Published by the Students of Johns Hopkins since 1896
April 19, 2024

Things I've learned, with Prof. Tristan Davies

By SARAH GRANT | December 5, 2007

In addition to being a Senior Lecturer in the Writing Seminars Department, Tristan Davies is a published author. Anticipating the release of his upcoming book, Forecast, Davies talked to the News-Letter about his journey as an aspiring writer and those who helped him along the way.
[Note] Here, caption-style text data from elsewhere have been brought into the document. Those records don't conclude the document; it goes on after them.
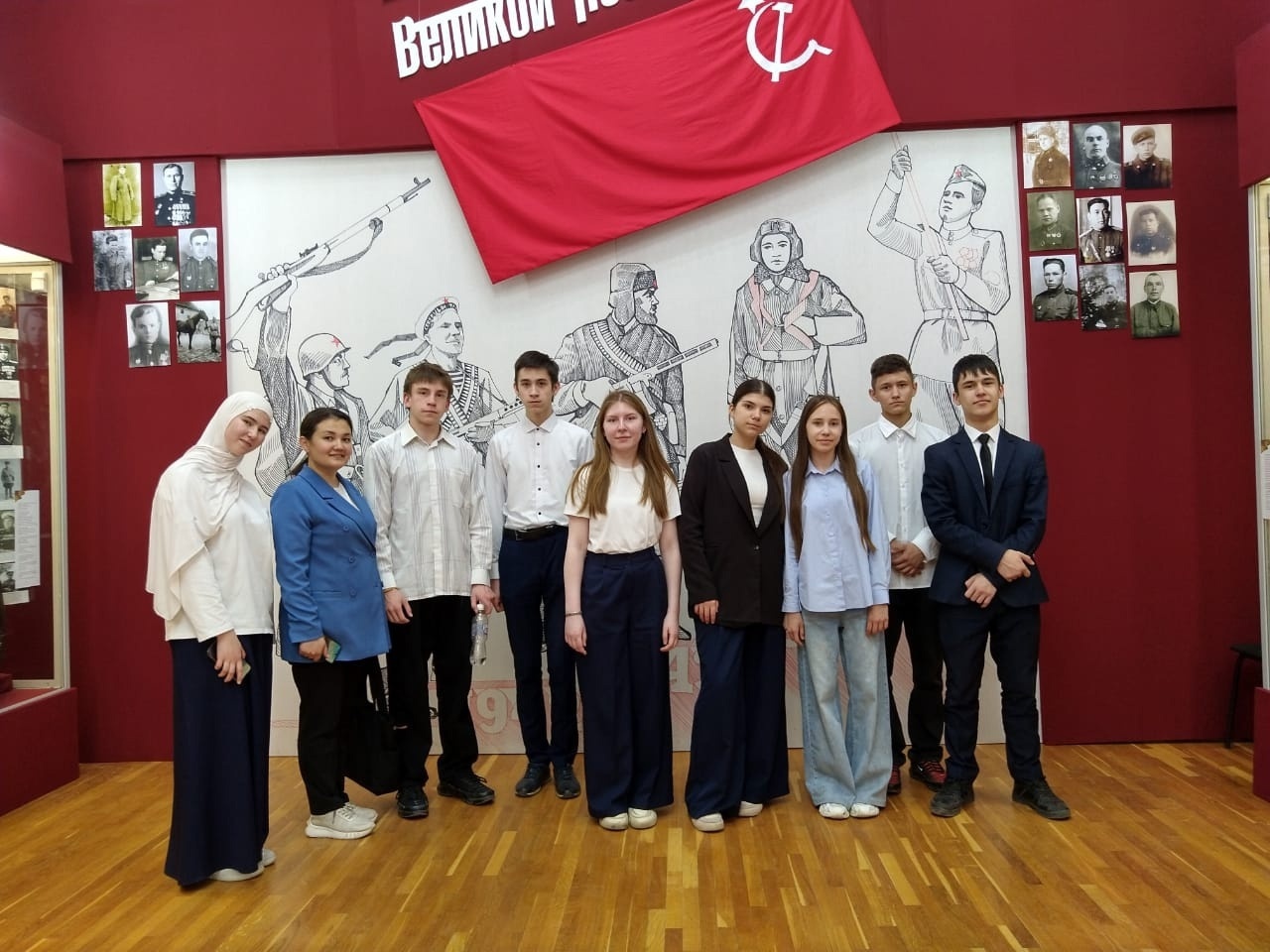 Школьники из Уфимского района углубились в историю республики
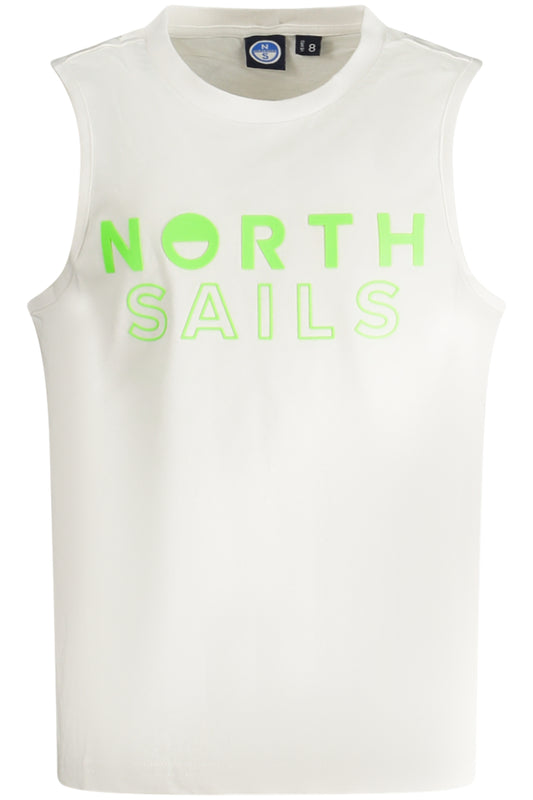 NORTH SAILS KINDER-TANKTOP WEISS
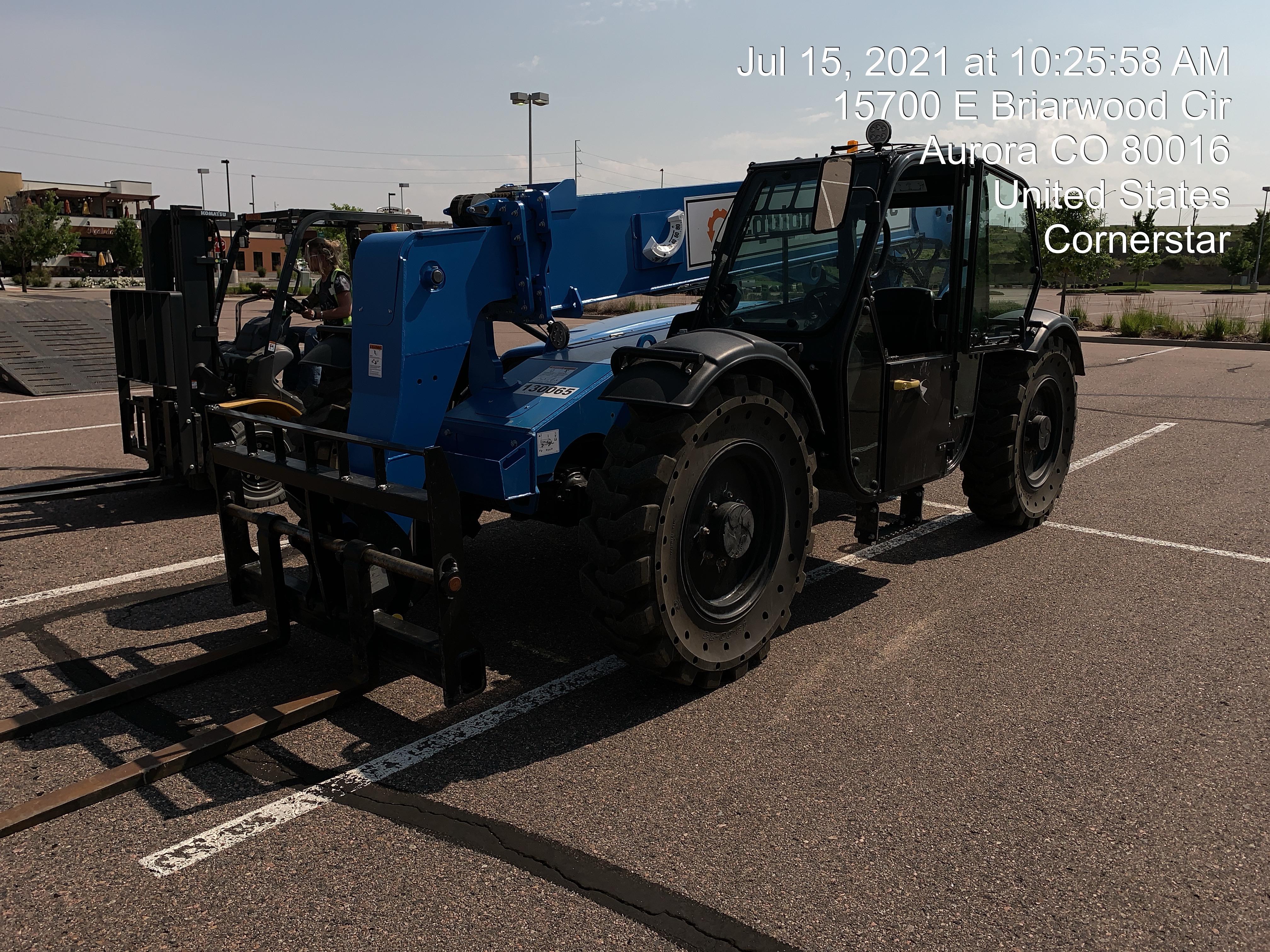 2021 GENIE GTH-636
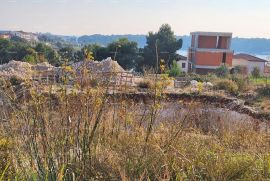 Građevinsko zemljište Medulin Mukalba građevinski teren sa započetom gradnjom., Medulin, Tierra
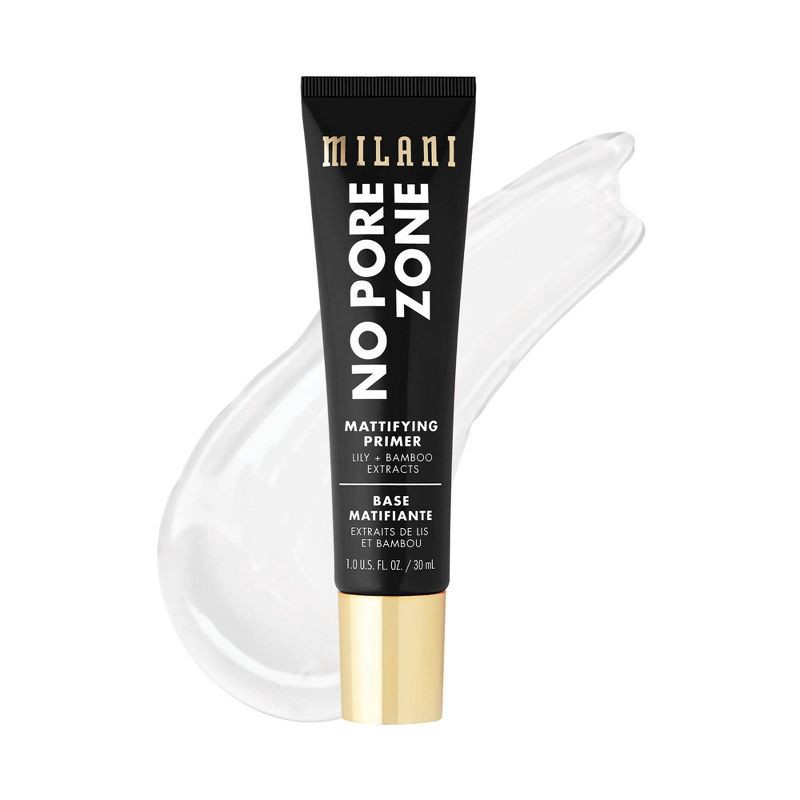 slide 1 of 4, Milani Mattifying Face Primer - No Pore Zone 110 - 1 fl oz, 110 x 1 fl oz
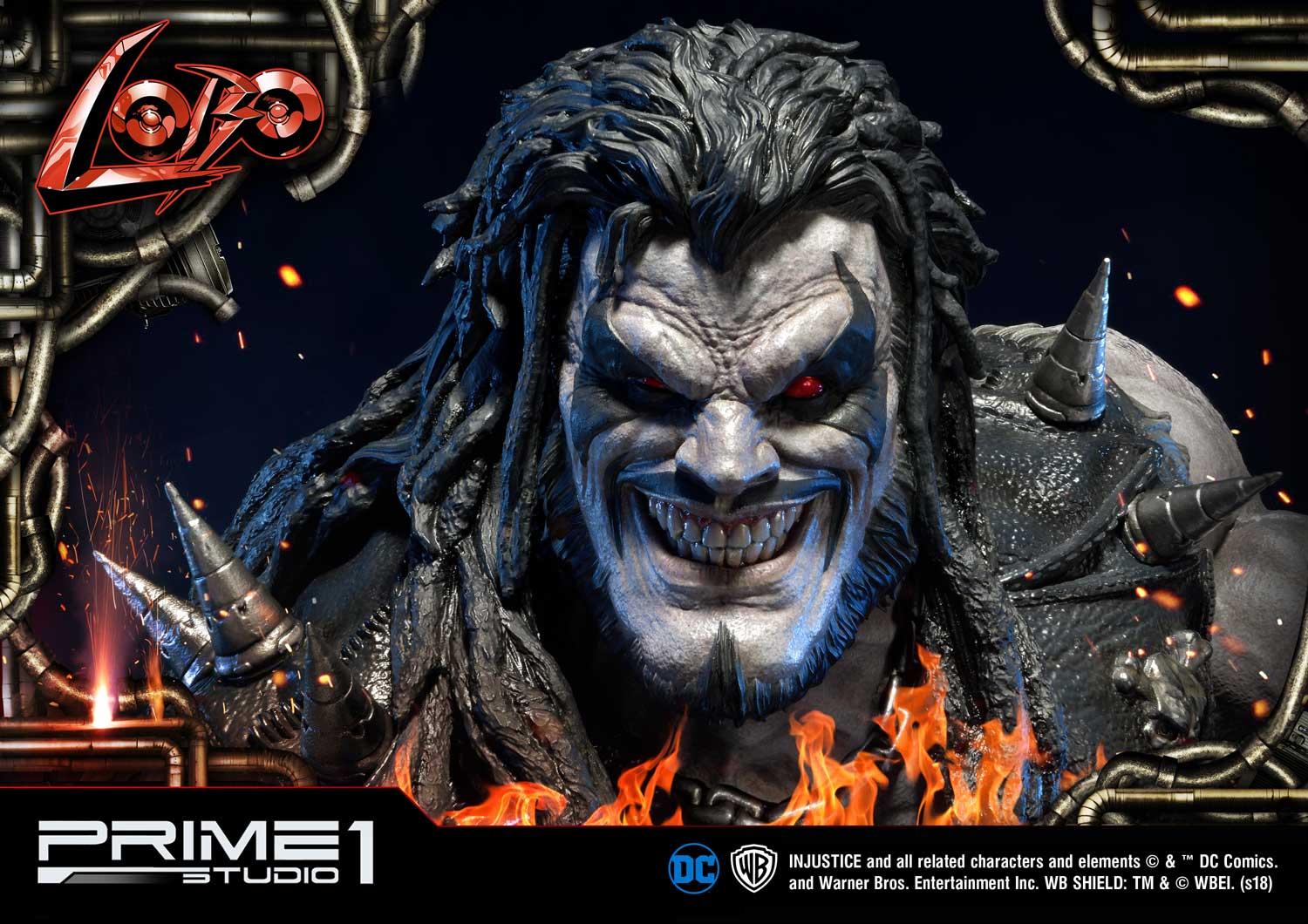 Ultimate Museum Masterline Injustice Lobo EX Version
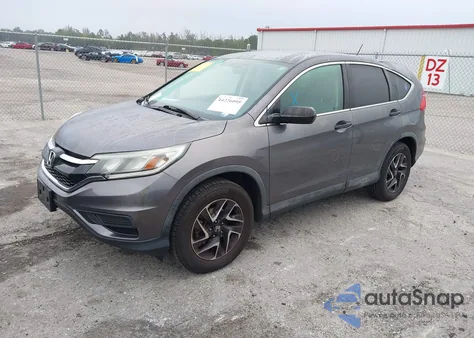 2016 Honda Cr-V Se z USA, uszkodzony, nr VIN 2HKRM4H49GH697949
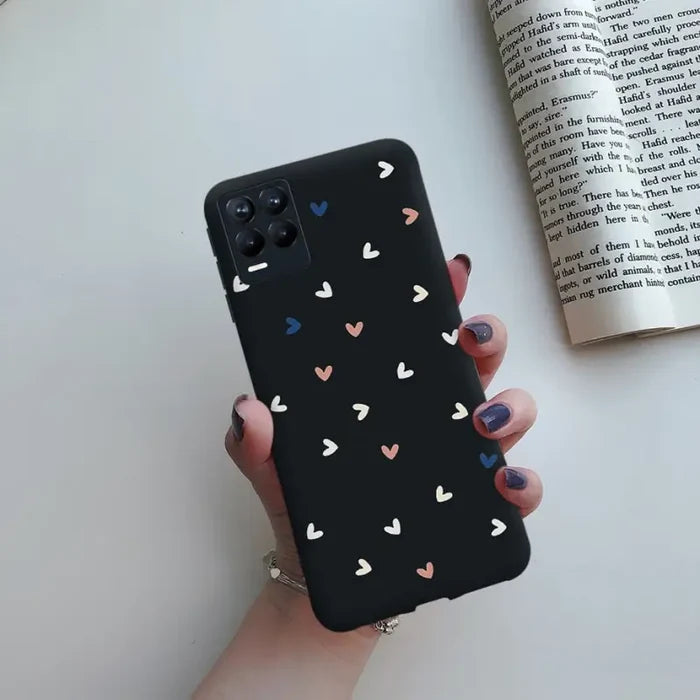 for Realme 8 / Black 3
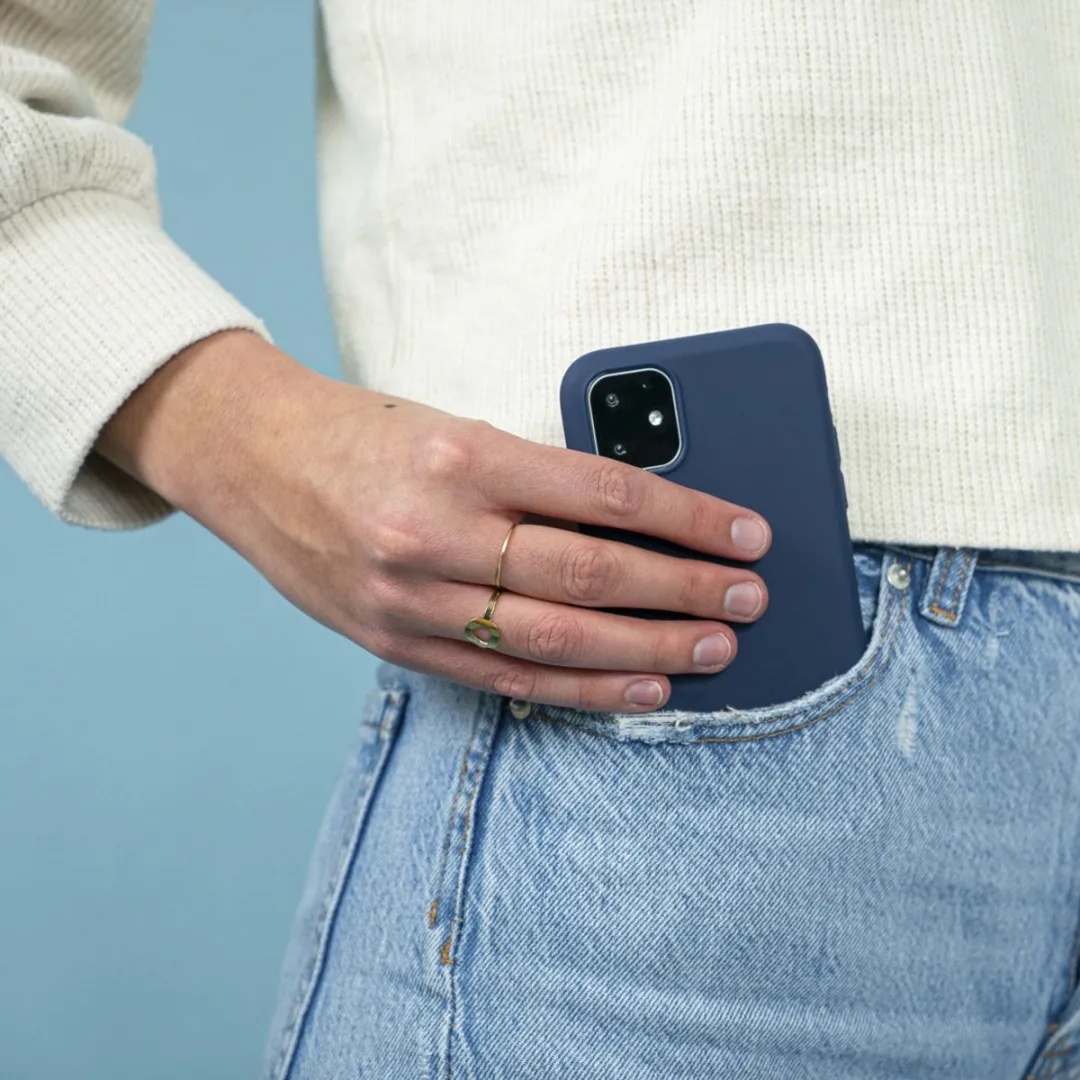 Imoshion Hoesje Samsung Galaxy A72 - Donkerblauw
News-Letter (NL): Was there a major turning point - a book, a poem, a person - that inspired you at a young age to pursue writing? Davies (TD): This is a funny answer, because I remember when Charlie and the Chocolate Factory came out, the original Roald Dahl, and I remember my mother ordered it and it came in the mail - the first edition, hardcover. I had always followed Roald Dahl books, and I remember cutting and unwrapping the box, and it was the first time I'd ever had a hardcover book that had just come out, and maybe that was the moment. I mean, I guess I'm a geek because I still get excited when the Amazon.com box comes, and there's all the packaging and the shrink wrap piece of cardboard. So maybe that was it; I was about eight or nine. And also, I remember I went to an exhibit of American painting around the exact same time, back then the museum was really just a gallery. They had stuff from the Met and I remember seeing these paintings - and painting was something that was foreign and distant - and suddenly seeing all these American paintings and the American sensibility of these landscapes. It inspired me.

NL: It was inspiring in a generally creative sense? TD: Yeah, I think so. Well, for the longest time I thought I was going to be the greatest American abstract expressionist painter of my generation. Until I realized that no one had been painting abstract expressionism for about 30 years, so that kind of dashed my hopes.

NL: Who were the your most memorable professors at Brown? TD: There were a lot. There was a guy named Viktor Terras, was Estonian, a critic, and did Russian stuff, Duncan Smith, who did German, Dora Levy did Chinese. Then there was John Hocks, who was a fiction writer, who was really mean to me. I think if I'm ever nice as a teacher, it's me remembering how mean to me John Hocks was.

NL: What was the worst thing he said to you? TD: "You should really quit writing," he said. I remember very clearly it was during his office hours. I got into his class as a freshman, to a great deal of resentment among the seniors who were taking it. And about halfway through the semester he took me aside and said, "You seemed to have a lot of promise in the beginning, but I think you should just stop writing." He was tough. I think that most people have been told at one point to stop and quit what they're doing. But the story does have a happy ending. I ended up studying with him again as a senior and became good friends. He was very helpful to me until he died. He became a mentor that did a lot for me, and was an extraordinarily thoughtful, considerate, giving person.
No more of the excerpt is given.